The weight and bias dictionary I'm using is as follows:
weights = {
'wc1': tf.get_variable('W0', shape=(3,3,1,8), initializer=tf.contrib.layers.xavier_initializer()),
'wc2': tf.get_variable('W1', shape=(3,3,8,12), initializer=tf.contrib.layers.xavier_initializer()),
'wc3': tf.get_variable('W2', shape=(3,3,12,16), initializer=tf.contrib.layers.xavier_initializer()),
'wc4': tf.get_variable('W3', shape=(3,3,16,20), initializer=tf.contrib.layers.xavier_initializer()),
'wd1': tf.get_variable('W4', shape=(4*4*20,20), initializer=tf.contrib.layers.xavier_initializer()),
'out': tf.get_variable('W6', shape=(20,n_classes), initializer=tf.contrib.layers.xavier_initializer()),
}
biases = {
'bc1': tf.get_variable('B0', shape=(8), initializer=tf.contrib.layers.xavier_initializer()),
'bc2': tf.get_variable('B1', shape=(12), initializer=tf.contrib.layers.xavier_initializer()),
'bc3': tf.get_variable('B2', shape=(16), initializer=tf.contrib.layers.xavier_initializer()),
'bc4': tf.get_variable('B3', shape=(20), initializer=tf.contrib.layers.xavier_initializer()),
'bd1': tf.get_variable('B4', shape=(20), initializer=tf.contrib.layers.xavier_initializer()),
'out': tf.get_variable('B5', shape=(6), initializer=tf.contrib.layers.xavier_initializer()),
}
As expected the output tensor of :
def conv_net(x, weights, biases):
conv1 = conv2d(x, weights['wc1'], biases['bc1'])

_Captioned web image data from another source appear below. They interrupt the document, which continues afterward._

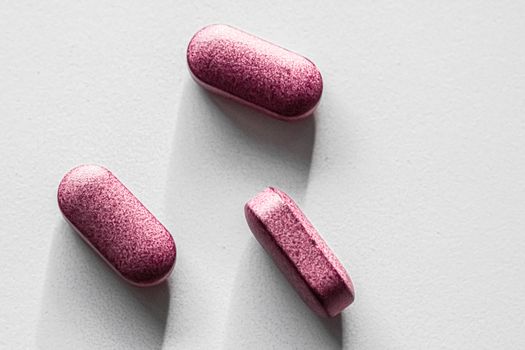 Pink pills as herbal medication, pharma brand store, probiotic drugs as nutrition healthcare or diet supplement products for pharmaceutical industry ads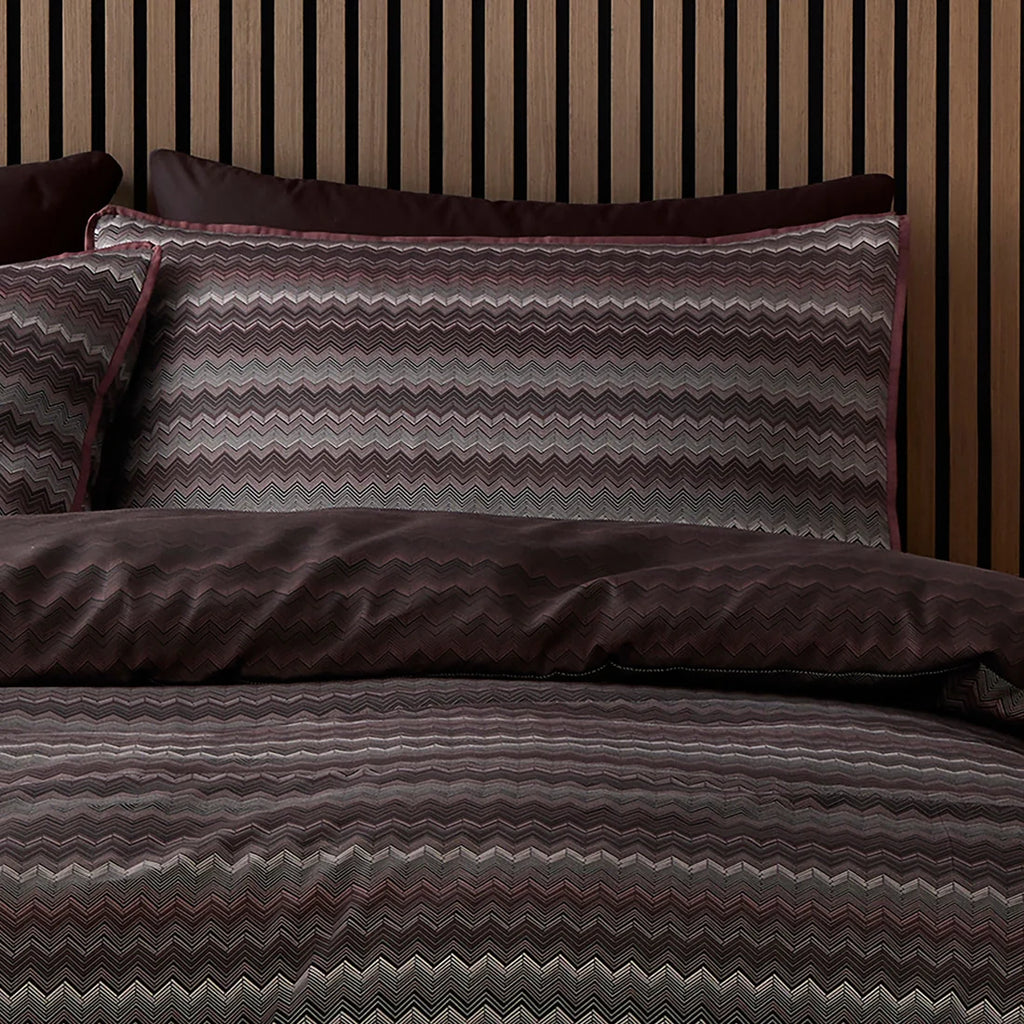 Close-up of the fine chevron pattern on the Appletree Loft Chevron Stripe Chocolate bedding.
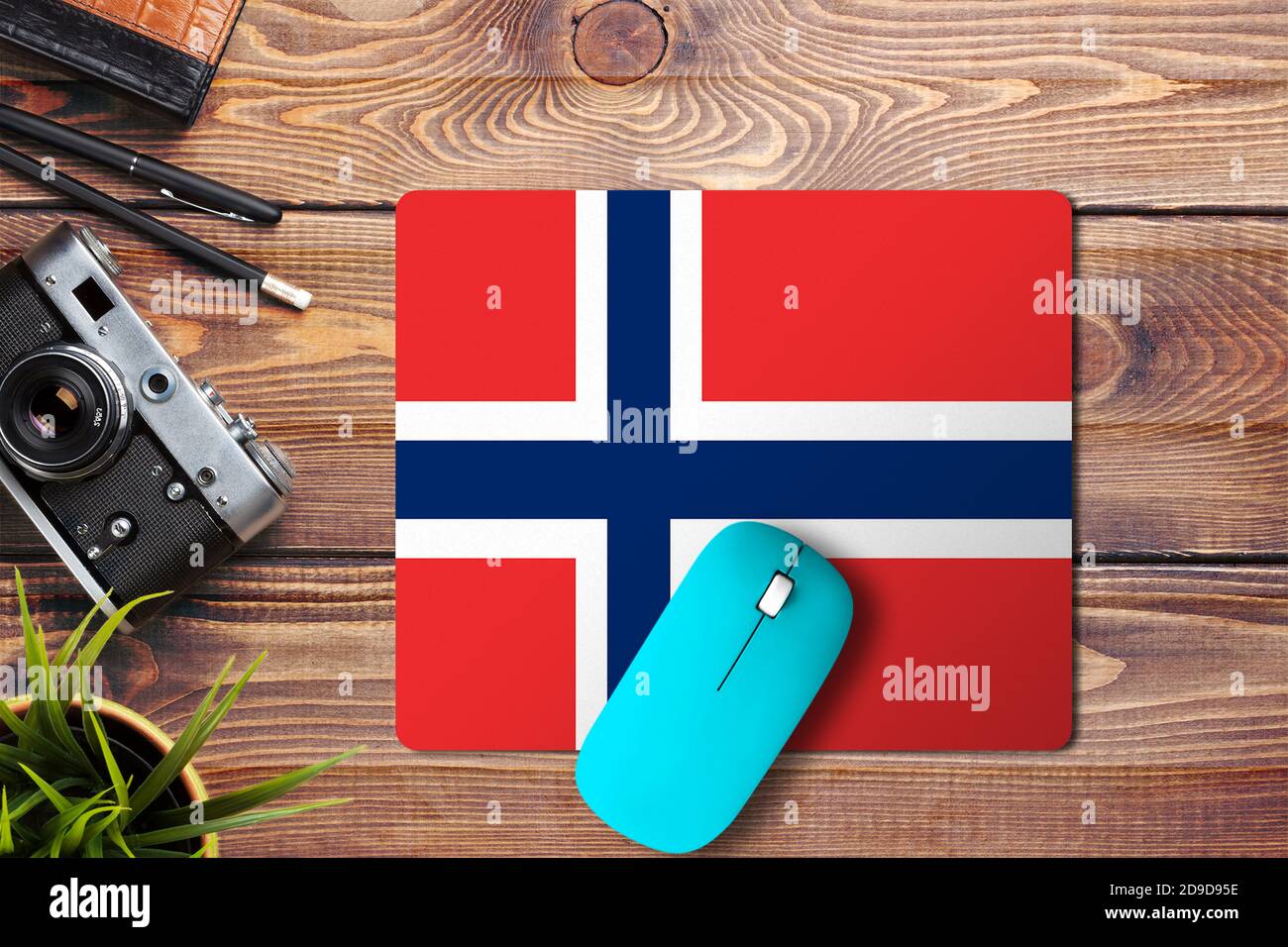 Drapeau norvégien sur fond en bois avec souris sans fil bleue sur tapis de souris, vue de dessus. Concept de médias numériques. Banque D'Images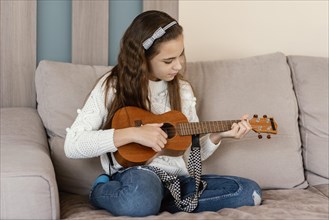 Girl home playing guitar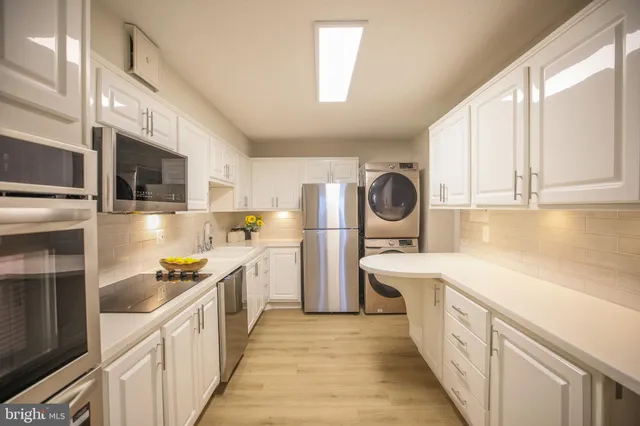 a kitchen with stainless steel appliances a sink a stove a refrigerator cabinets and a window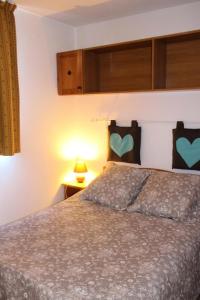 een slaapkamer met een bed met twee harten aan de muur bij Les Chalets D'arrondaz - 4 Pièces pour 8 Personnes 03 in Modane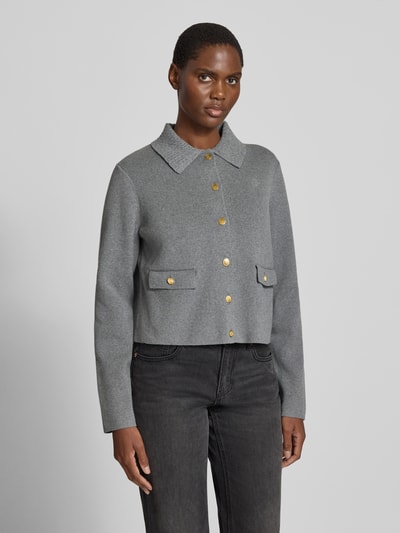 Frauenmodel trägt Strickjacke aus Baumwoll-Woll-Mix von Tommy Hilfiger in Grau mit Zierknöpfen, Kragen und Brusttasche, Ganzkörperansicht von vorne.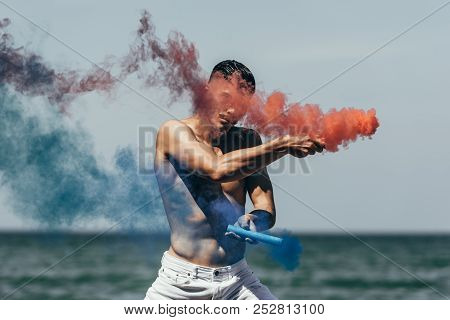 Attractive Shirtless Man Dancing With Red And Blue Smoke Sticks In Front Of Ocean View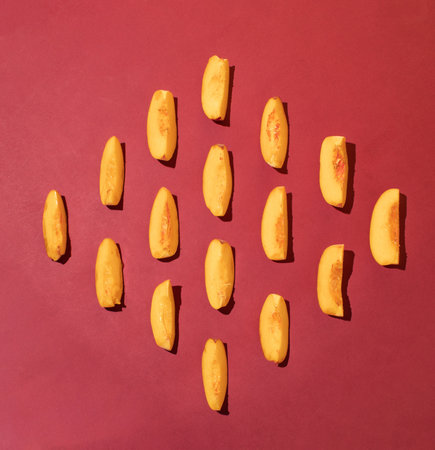 Creative pattern made with fresh peaches slice on dark red background. Minimal summer fruit arrangement.の写真素材
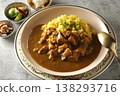 A close-up of chicken and beef curry with plenty of meat, served over saffron rice. 138293716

conv1 = maxpool2d(conv1, k=2)
conv2 = conv2d(conv1, weights['wc2'], biases['bc2'])
conv2 = maxpool2d(conv2, k=2)
conv3 = conv2d(conv2, weights['wc3'], biases['bc3'])
conv3 = maxpool2d(conv3, k=2)
conv4 = conv2d(conv3, weights['wc4'], biases['bc4'])
conv4 = maxpool2d(conv4, k=2)
# Fully connected layer
# Reshape conv2 output to fit fully connected layer input
fc1 = tf.reshape(conv4, [-1, weights['wd1'].get_shape().as_list()[0]])
fc1 = tf.add(tf.matmul(fc1, weights['wd1']), biases['bd1'])
fc1 = tf.nn.relu(fc1)
# Output, class prediction
out = tf.add(tf.matmul(fc1, weights['out']), biases['out'])
return out
When x = x(batch size = 64) is of shape (4,6).
But since the labels for the batch os 64 is of shape [64,6] where 6 is the number of categories, the cost function defined as
cost = tf.reduce_mean(tf.nn.softmax_cross_entropy_with_logits(logits=pred, labels=y))
where pred = conv_net(x, weights, biases)
gives the error :
InvalidArgumentError (see above for traceback): logits and labels must be broadcastable: logits_size=[4,6] labels_size=[64,6]
[[Node: softmax_cross_entropy_with_logits_sg = SoftmaxCrossEntropyWithLogits[T=DT_FLOAT, _device="/job:localhost/replica:0/task:0/device:CPU:0"](Add_1, softmax_cross_entropy_with_logits_sg/Reshape_1)]]
If my understanding is correct it has to do with the definition of fully connected layer and output layer filter size in weights library. Am I understanding right and if yes, what should be the filter shape in FC and output layers? and what's the underlying logic?